I have been fighting on the side of equality for LBGTs since the day my best friend attempted suicide after one-too-many bullies called him a fag. I cheered at Gene Robinson’s election, debated at countless conventions, and married my share of gay couples. So when, at a recent Clergy Conference devoted to the Anglican Covenant, I heard myself arguing for the signing of the thing, I was as surprised as anyone in the room.
This is what I heard myself say:
1. Every organization has the right to define its membership. If a Mormon declares himself to be a Christian, that’s an interesting debate. But if a Mormon wants to declare himself to also be an Episcopalian, there would be no debate: you can be one or the other, but you can't be both. Our Mormon friends would say the same about us, and they'd be right. Every organization has its boundaries – and needs them.
Boundaries that are transparent and open to inquiry are marks of a healthy community.
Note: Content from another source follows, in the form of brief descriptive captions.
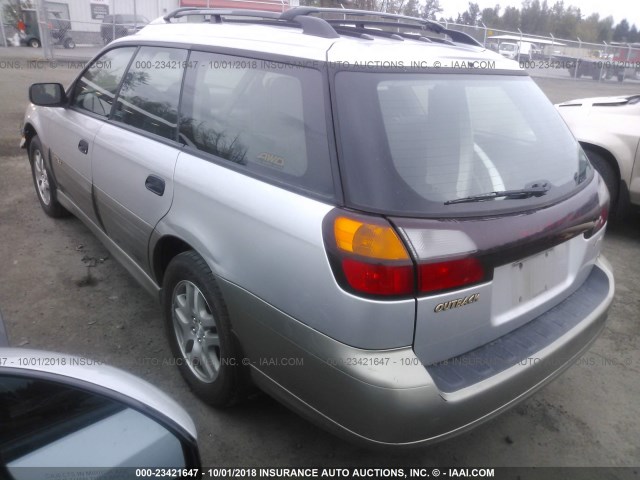 4S3BH675437645090 - 2003 SUBARU LEGACY OUTBACK AWP SILVER photo 3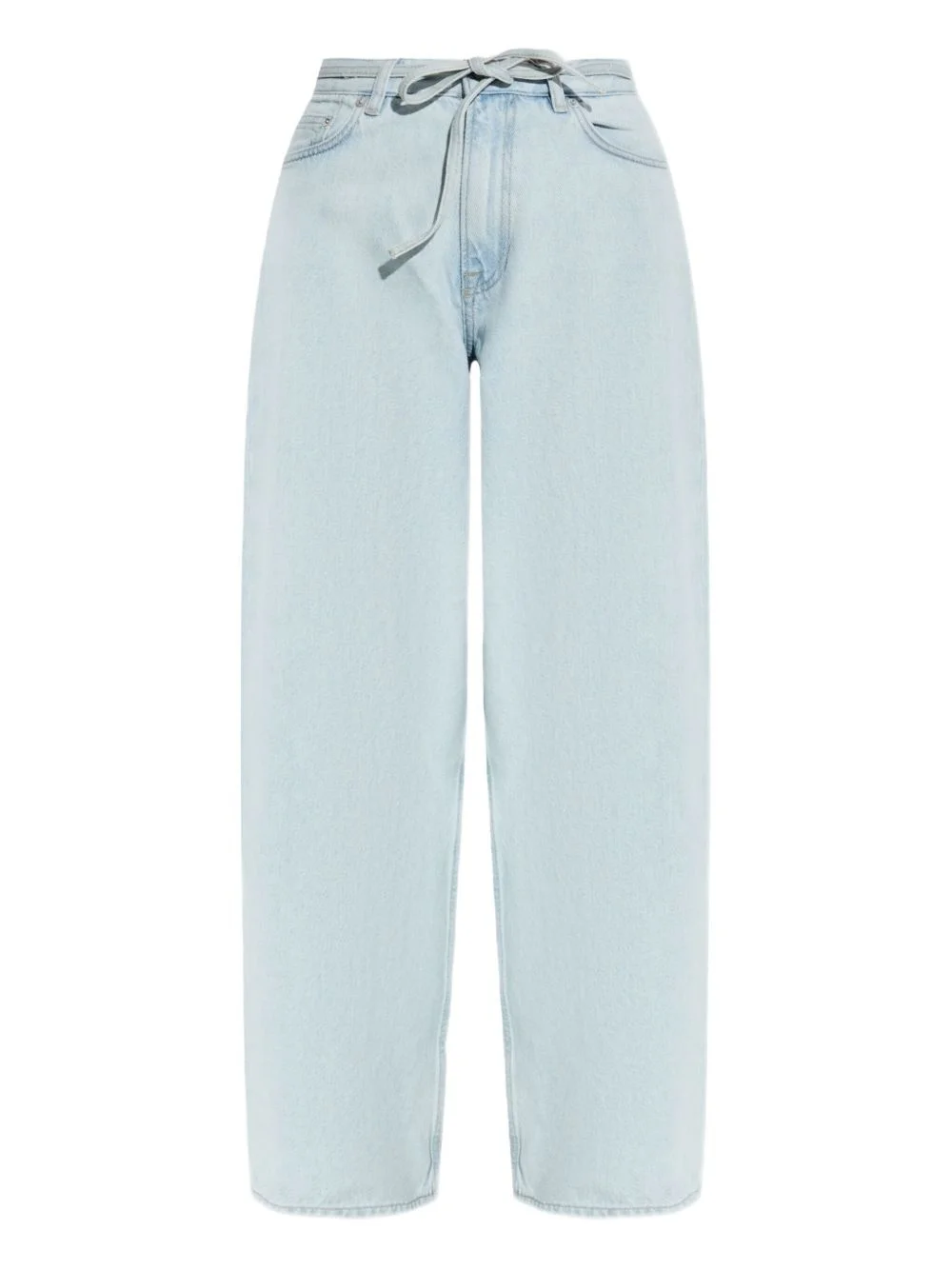 drawstring cotton jeans - 1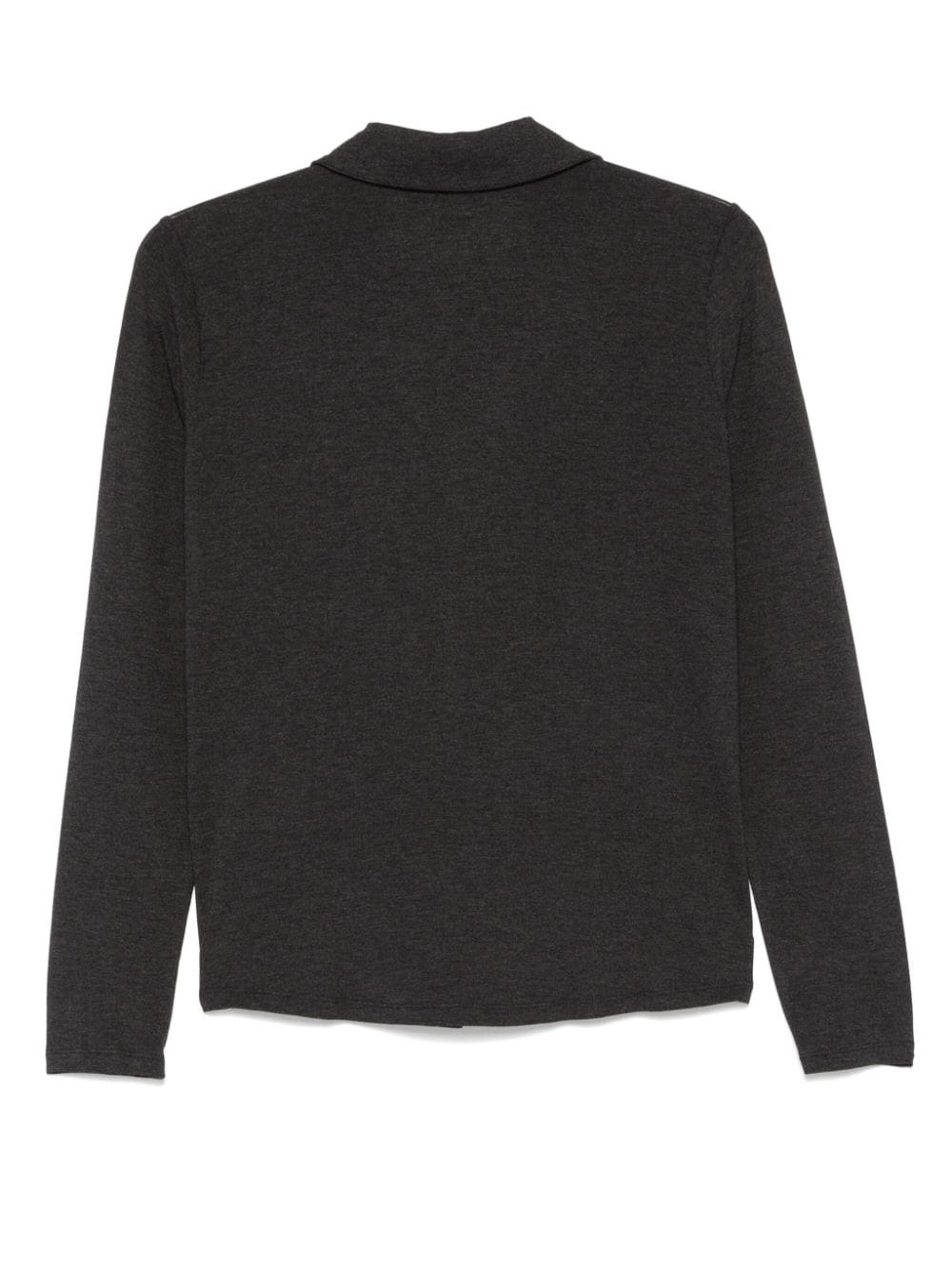 Majestic Shirts Grey Viscose Elastane
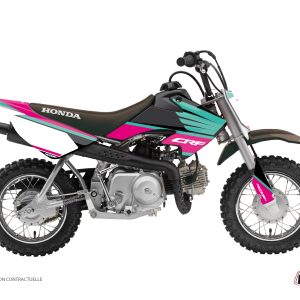 Kit Deco Moto Cross Wing Honda 50 CRF Turquoise 2007-2012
They give the community it's structure and shape – they are like the walls of a house. Sure, they get in the way sometimes; they can even be painful on those nights when we need to find the bathroom in the dark. But generally speaking I’m glad my house - and my church - has walls. They keep the roof from falling down.
2. A lot of very smart and presumably prayerful people have worked very hard, producing many drafts of a nearly unreadable document which basically says, “We believe in the importance of relationship so strongly that if you do something we don’t like, we’re never going to talk to you again.” Well, okay, so apparently that’s the best they could do, and now they’ve asked us to sign it. This seems to be our working definition of the word “Anglican.” If it were up to me, I’d write something different, but hey, they never asked me, and I respect that.
It’s bizarre logic notwithstanding, there is little in the Anglican Covenant that is, in itself, offensive to the average Episcopalian’s conscience. It deftly avoids any actual commitments beyond a longing for respectful relationships. Who doesn’t want that? Some people think the whole thing is just a cynical attempt by those in power to silence others on the grounds that the Gospel makes them uncomfortable - but I don’t know, that seems a little harsh.
3. No demand for conformity would wisely ask any people of faith to disobey their conscience. If, after signing the Covenant, it were decided by a High Deliberative Body that the Episcopal Church had created a controversy which we had been expressly forbidden to create, then the powers that be would have the pleasure of judging between two competing claims on the good: community achieved by means of conformity vs. moral clarity achieved by means of expressed conscience.
Some kind of heresy trial would presumably be called, at which we would be free to make our case. We might patiently explain that there is nothing on God’s good earth, and certainly nothing in this vague and overly-nuanced pile of wordsmithy, to make us renounce the truth of the gospel as we understand it. We might make our case that this controversy is, in fact, a settled matter in our church, and that there is no going back – because the Gospel truth of full equality is so self-evident to us that we could no more renounce our gay and lesbian friends as we could sharply kick our 90 year-old grandma in the shins. It’s just not going to happen, no matter whose sensibilities we have offended.
If that were to get us kicked out of this Communion, the separating blow would come from those who couldn’t stand to be at table with us - not from us. As long as we have a place at the table; as long as we have the chance to proclaim our Gospel; as long as God’s grace has a chance to infiltrate our relationships, we need to take it.
Let them make their case against us, and let us make ours for Christ, and let the chips fall where they may. If the High Deliberative Body decides they can’t endure our presence, let them make that judgment and call Security to have us removed. In the meantime we’ll keep loving them. Because the Gospel does not die; the Gospel is always polite; the Gospel does not give up.
4. Jesus submitted to the Sanhedrin. He stood before Pilate and took his licks. He didn’t say, “To hell with you guys, I’m going back to my hammock in the clouds.” No, he made his stand and he took his punishment. Every great movement for social justice has involved people suffering deeply for the sake of their day in court. Let’s have ours. What’s the worst they can do to us? Tell us we can’t wear purple in Lent anymore? What?
5. Some say that there is an Anglican priest somewhere in the Sudan who is getting death threats because he’s involuntarily associated with a bunch of homos in the U.S. Well, guess what: that guy’s ten times a better Christian than we ever will be; and if he needs a little distance from us so that he’s physically safe, who the hell are we to argue with that? If we need to suffer a little bit of the Church’s whip so that he can preach the Gospel to some of the poorest and most oppressed people in the world, so be it. If censuring the naughty Episcopalians gives him some cover, let us be censured. Our suffering is nothing compared to his.
Meanwhile we’ll keep preaching hope to the gay 15 year-old boy in the back of that priest’s church, who is literally fearing for his life. We’ll keep sending subversive notes of compassion to the 25 year-old African lesbian who’s been raped in an attempt to turn her straight. We’ll continue to speak words of comfort to the desperate Baptist preacher gratifying himself in men’s rooms and scared to death of burning in hell. I mean, the poor guy.
In other words, we all have our work to do with the Gospel that we’ve been given. Let’s get on with it; and stay together as long as we can.